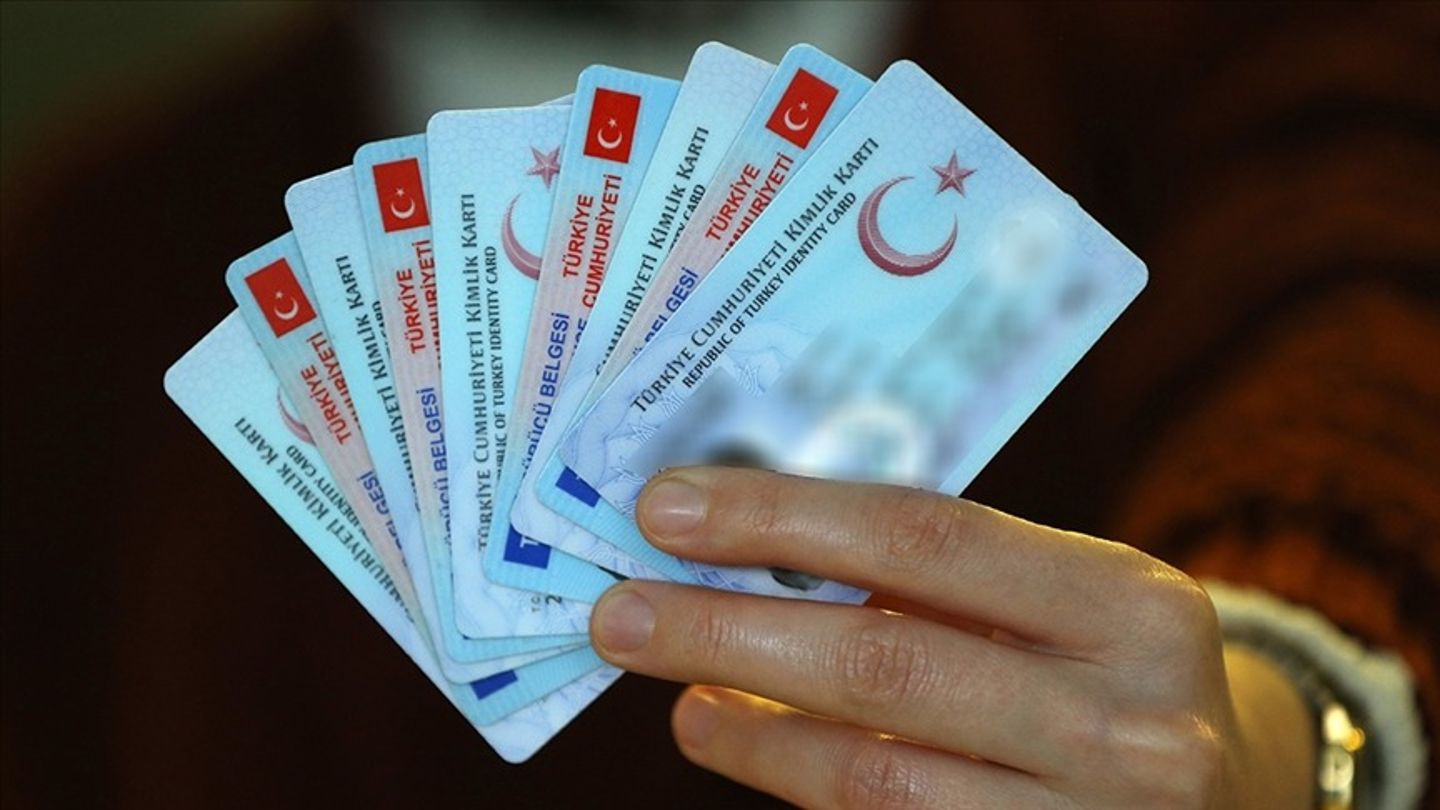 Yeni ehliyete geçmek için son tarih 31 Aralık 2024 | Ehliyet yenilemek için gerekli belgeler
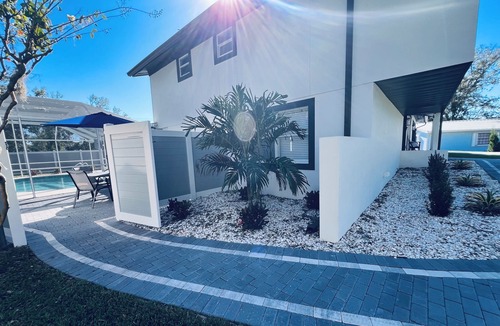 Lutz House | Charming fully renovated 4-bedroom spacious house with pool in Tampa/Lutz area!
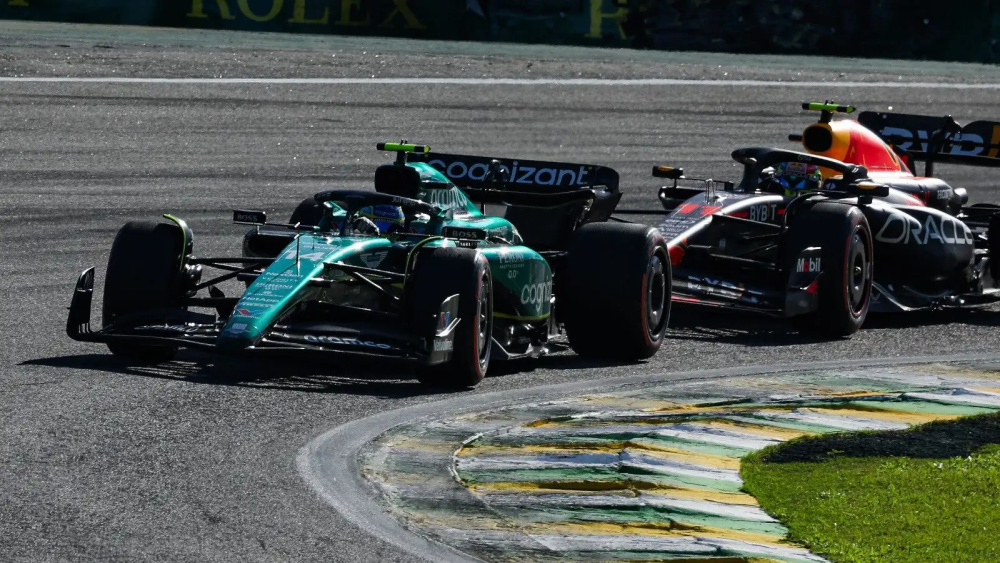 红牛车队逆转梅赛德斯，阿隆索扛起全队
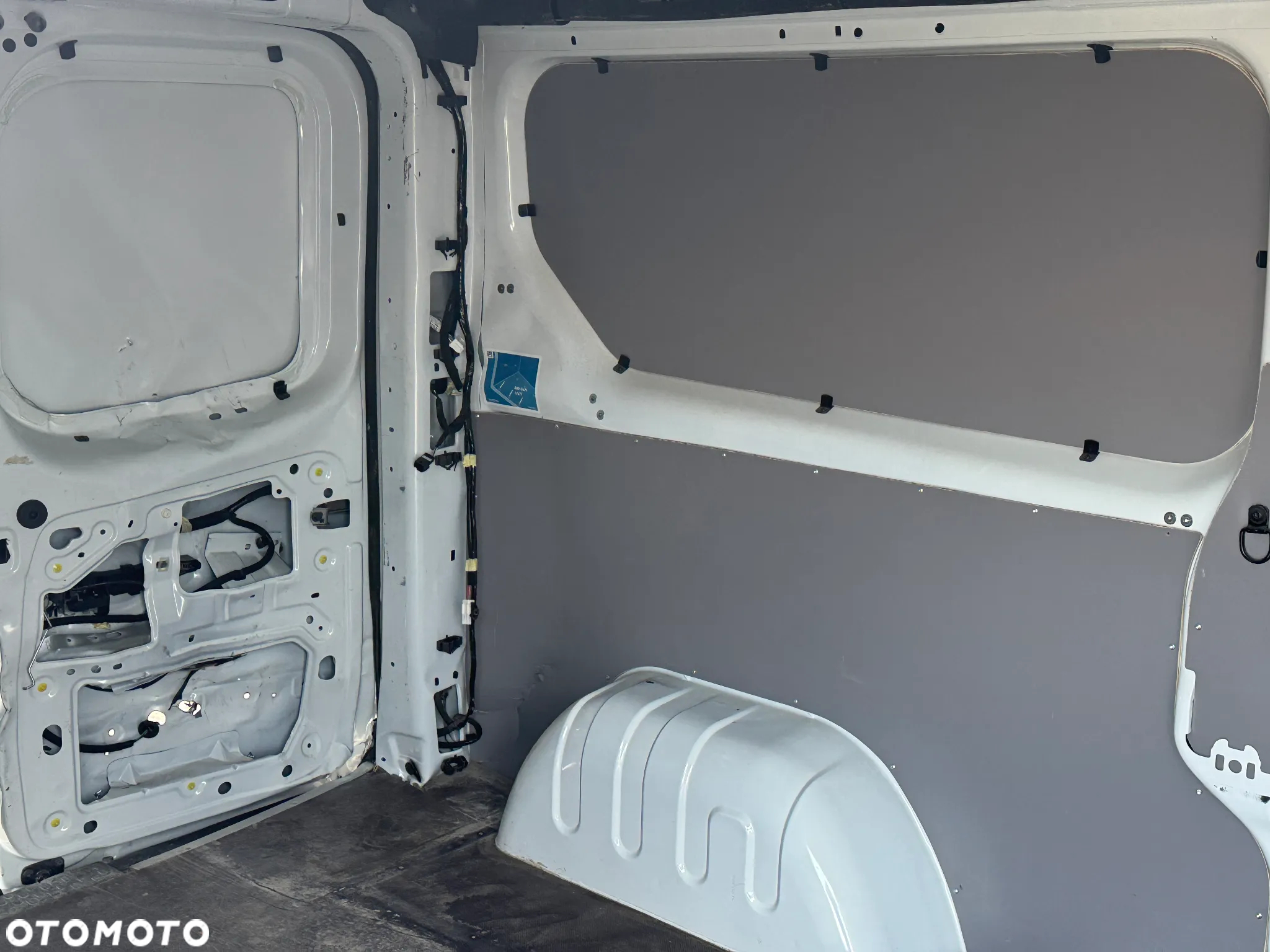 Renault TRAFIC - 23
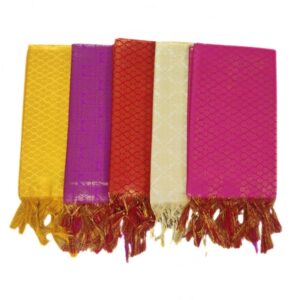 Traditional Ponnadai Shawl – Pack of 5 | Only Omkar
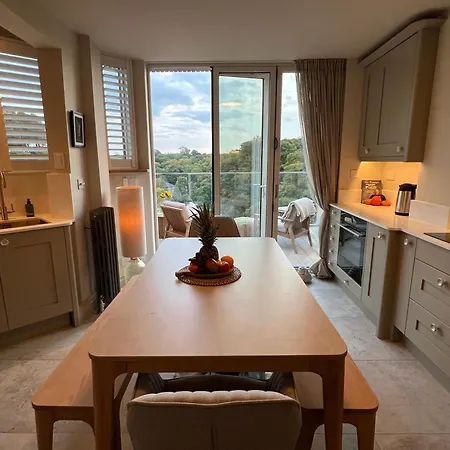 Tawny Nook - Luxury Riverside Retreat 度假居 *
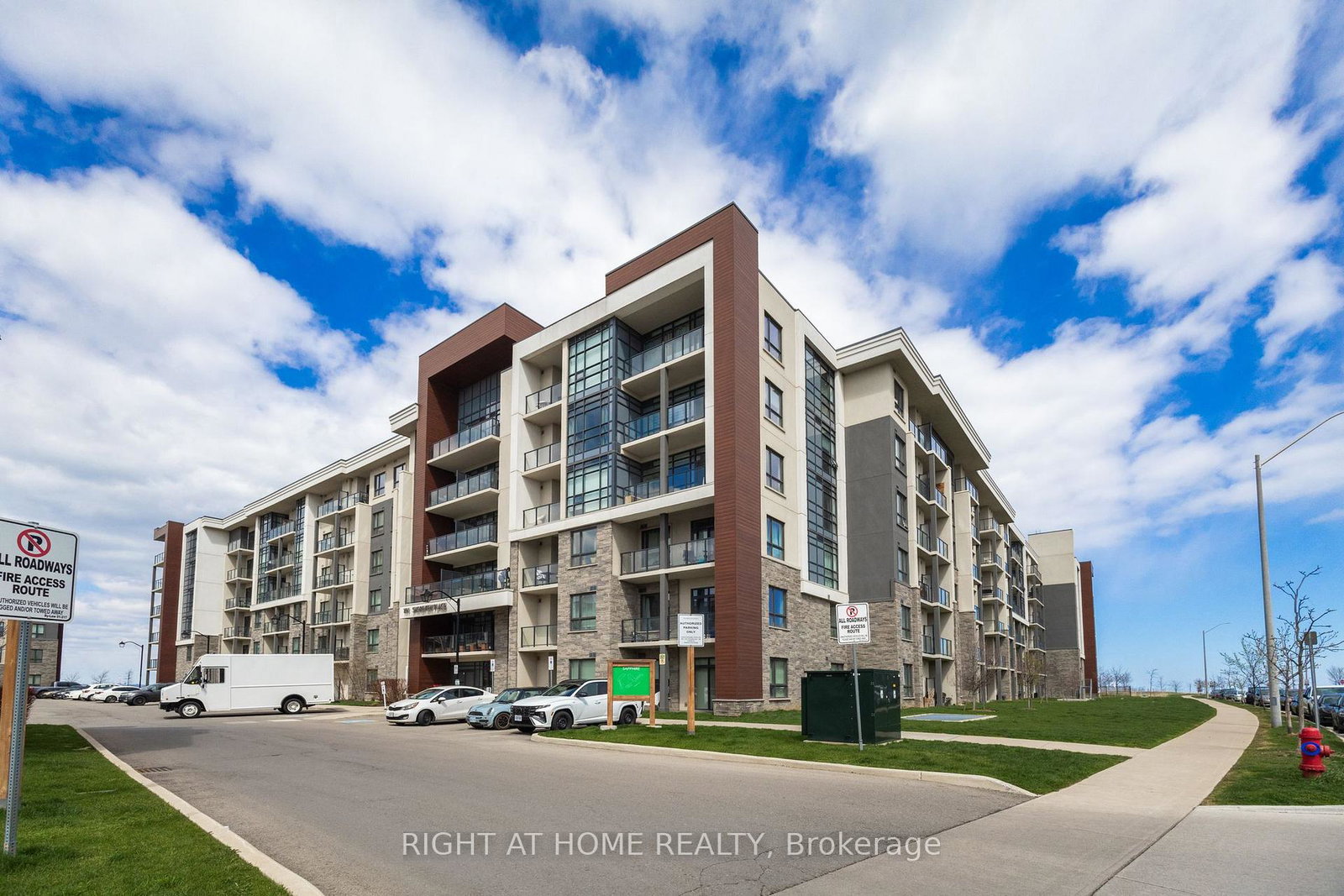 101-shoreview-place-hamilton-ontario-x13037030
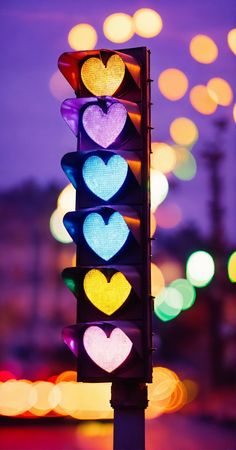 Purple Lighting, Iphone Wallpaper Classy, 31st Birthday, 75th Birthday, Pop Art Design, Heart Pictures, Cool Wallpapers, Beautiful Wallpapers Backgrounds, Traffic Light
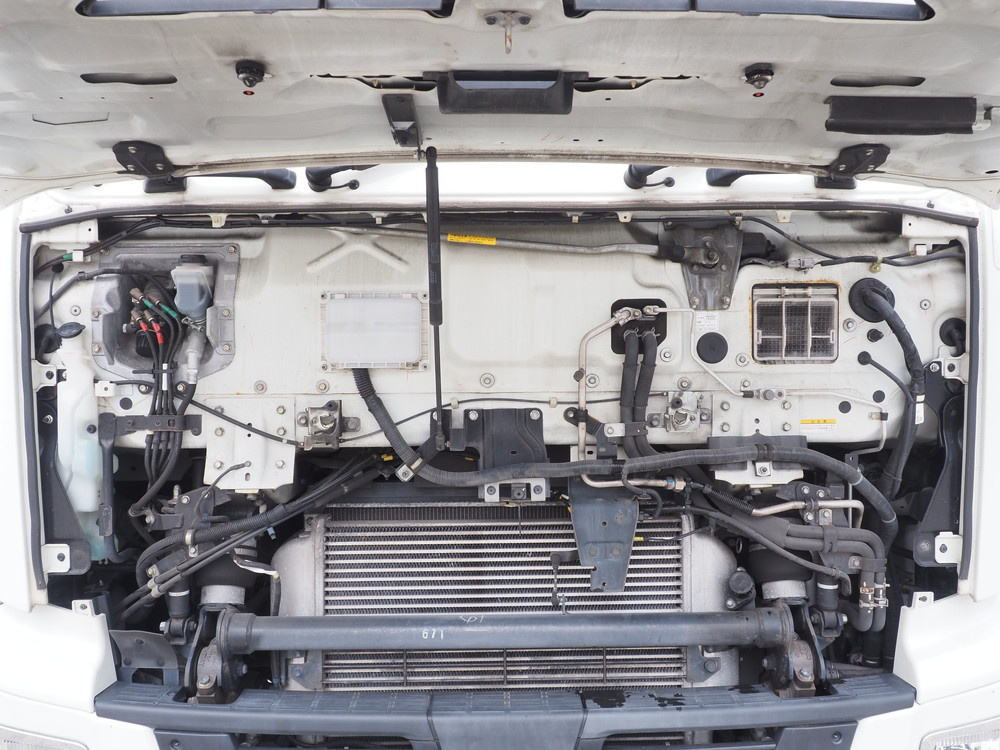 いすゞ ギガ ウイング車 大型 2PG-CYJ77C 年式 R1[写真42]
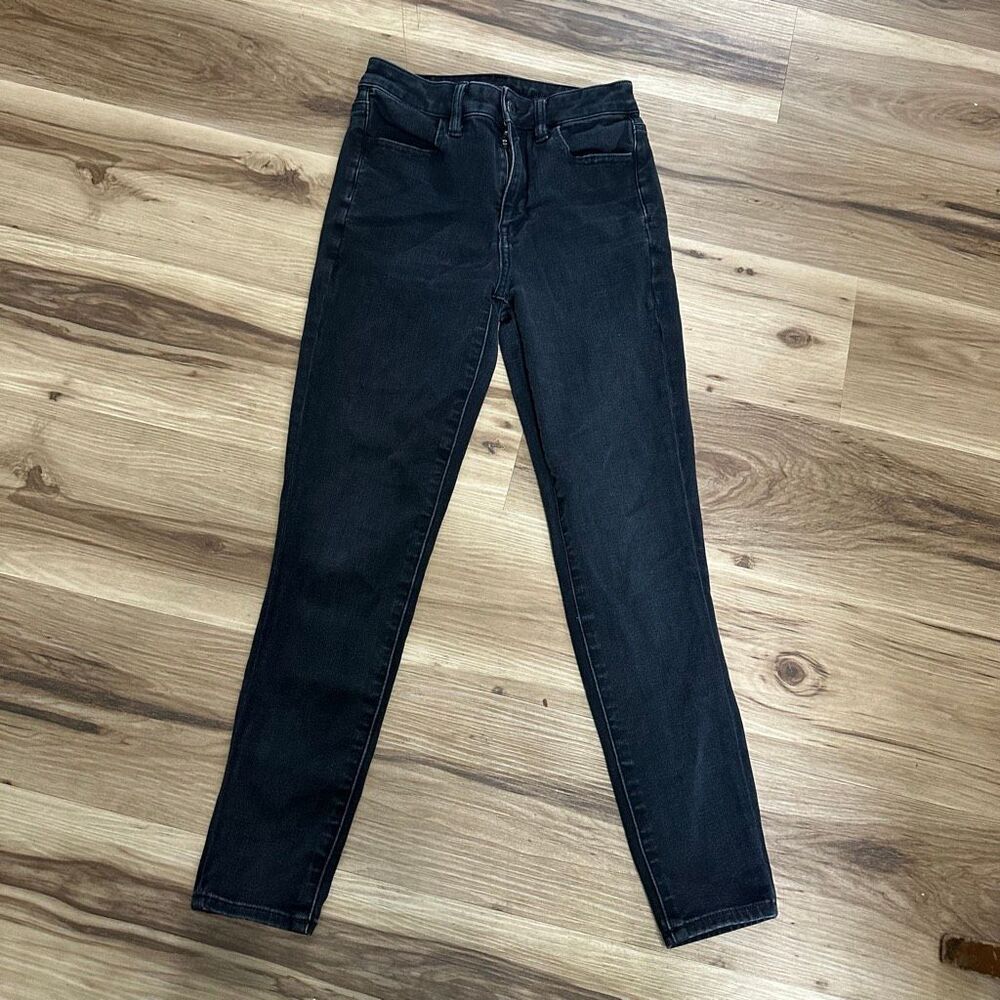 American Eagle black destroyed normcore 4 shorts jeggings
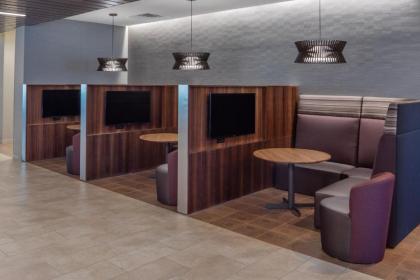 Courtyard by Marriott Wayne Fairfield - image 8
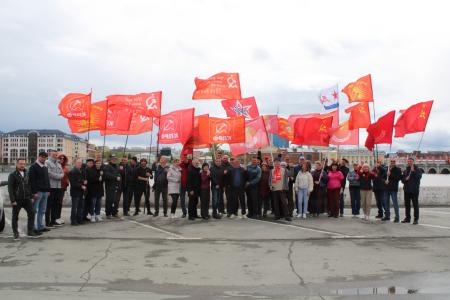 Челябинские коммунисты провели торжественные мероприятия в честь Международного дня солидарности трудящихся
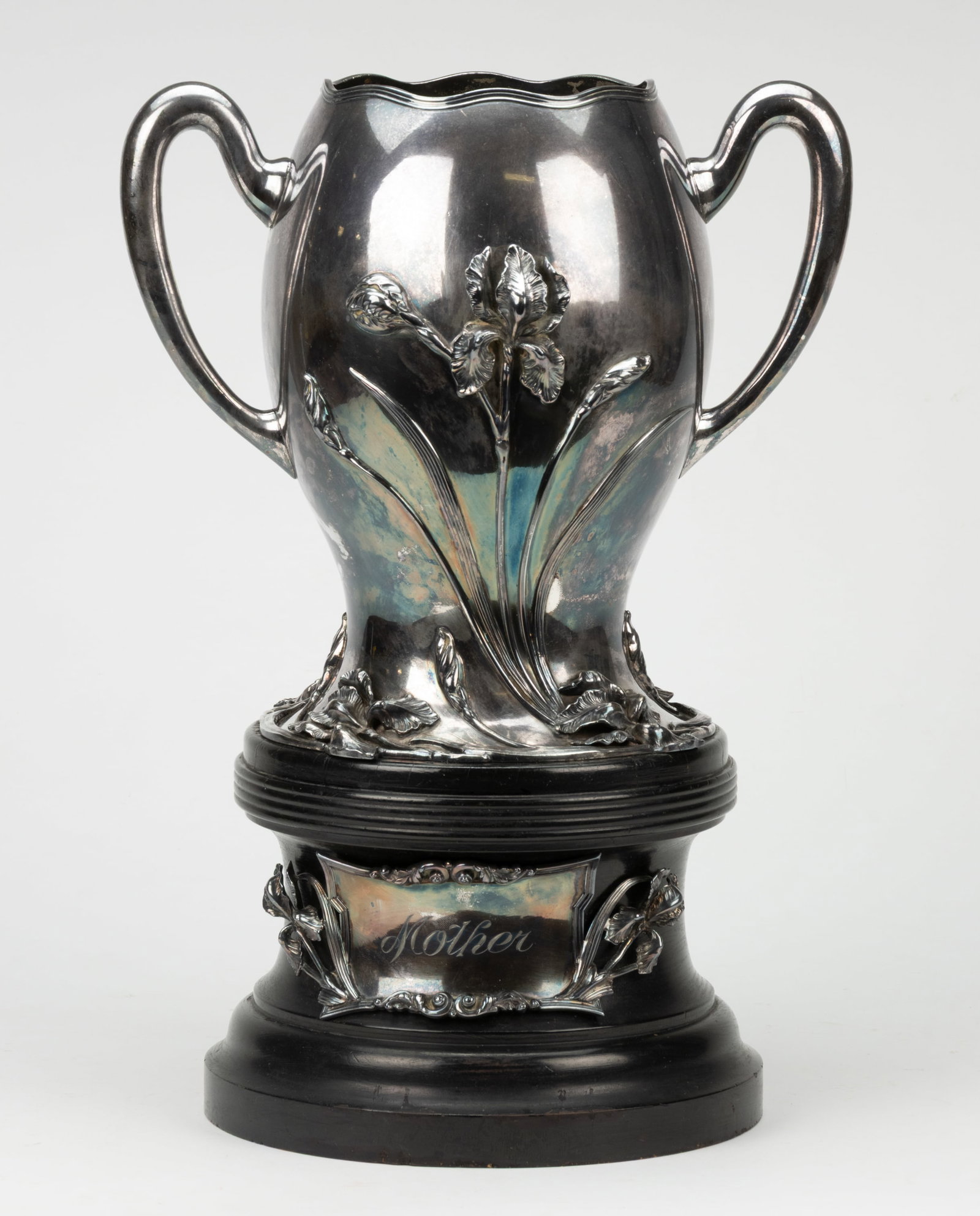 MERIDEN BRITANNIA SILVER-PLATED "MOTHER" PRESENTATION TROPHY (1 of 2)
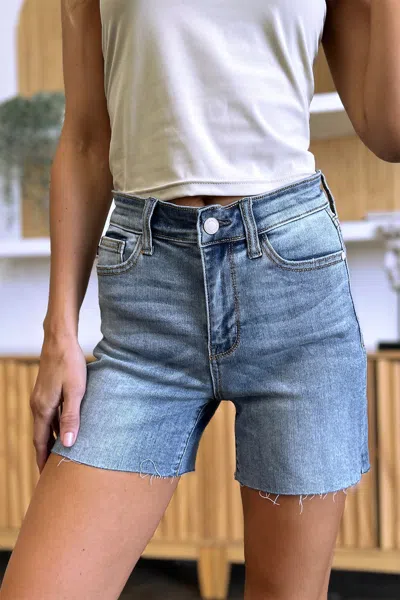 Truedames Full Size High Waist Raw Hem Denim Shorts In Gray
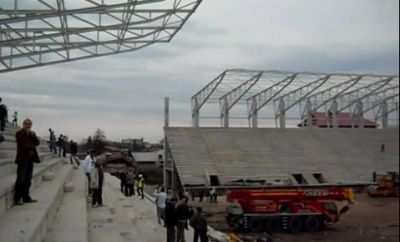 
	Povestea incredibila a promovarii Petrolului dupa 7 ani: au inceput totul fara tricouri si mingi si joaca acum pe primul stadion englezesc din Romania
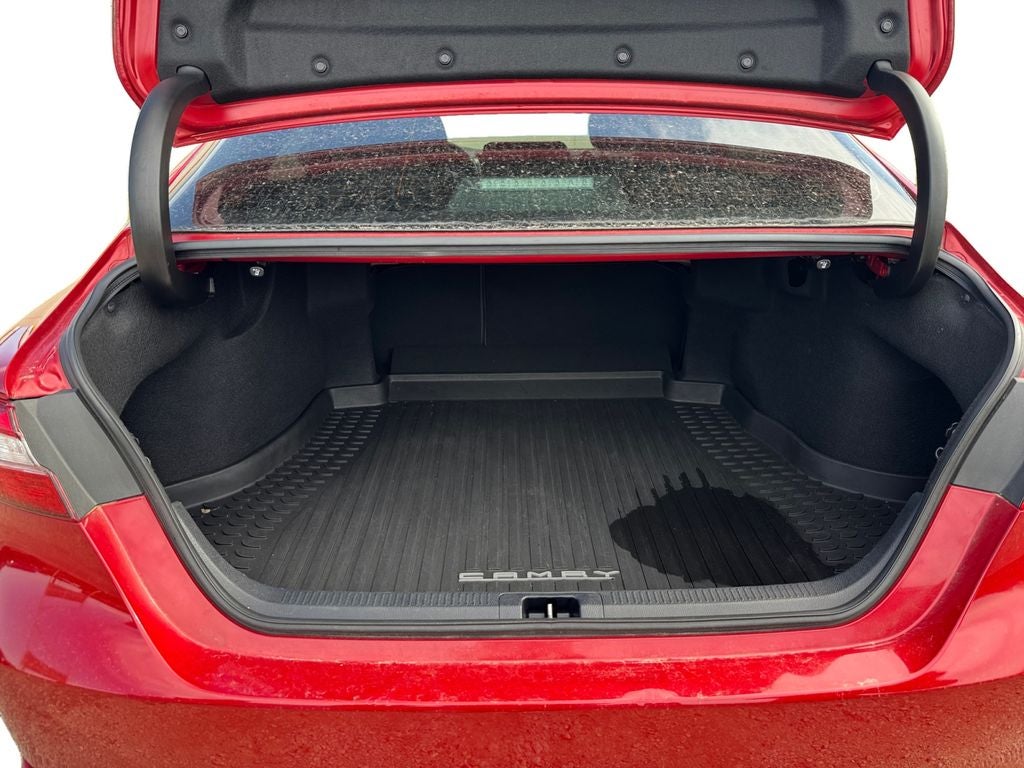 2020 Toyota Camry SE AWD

__________

All that is wanted is an exact copy of the lines from the line bearing "Челябинские коммунисты провели" through the final line of the entries, including both ends but no pictures.

 Челябинские коммунисты провели торжественные мероприятия в честь Международного дня солидарности трудящихся
 MERIDEN BRITANNIA SILVER-PLATED "MOTHER" PRESENTATION TROPHY (1 of 2)
 Truedames Full Size High Waist Raw Hem Denim Shorts In Gray
	Povestea incredibila a promovarii Petrolului dupa 7 ani: au inceput totul fara tricouri si mingi si joaca acum pe primul stadion englezesc din Romania
 2020 Toyota Camry SE AWD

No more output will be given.